Mizpah United Methodist Church, 1859, Effingham County

From the South Georgia Conference of the United Methodist Church: In the late 1850s, Dr. Ayer from Rome came to the community to visit his daughter, Mrs. Anderson P. Longstreet, who lived in the community. There was no Methodist church in the area at this time and so Dr. Ayer contributed financially to funding a church. Lewis Grovenstein, Benjamin C. Porter, and A. P. Longstreet was selected to organize the new sanctuary and four acres were selected from property owned by George W. Best. The new structure was a frame building measuring thirty-five feet by fifty feet by thirteen feet and was completed in December 1859. On March 18, 1860, the church was organized with twenty females and twenty males on the roll. This church was served by two pastors, Rev. B. F. Breedlove and Rev.
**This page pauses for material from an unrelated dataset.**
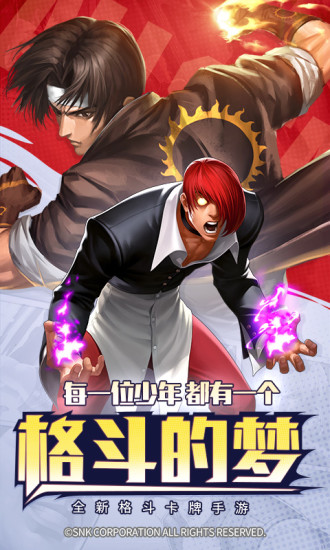 拳魂觉醒变态版下载安装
L. L. Strange. The first quarterly conference was held in September 1866, under the pastorate of Rev. N. D. Morehouse. In 1885, money was collected to “remodel, repair and paint” the church and, in 1886, the roof was extended in the front and pews were built…In August 1945, electricity was installed at Mizpah… Also in the 1940s, the inside of the sanctuary was remodeled so that the separate entrances and seating for men and women were changed to one double door and one center aisle. In 1953, the wood burning stove was replaced with a gas heater…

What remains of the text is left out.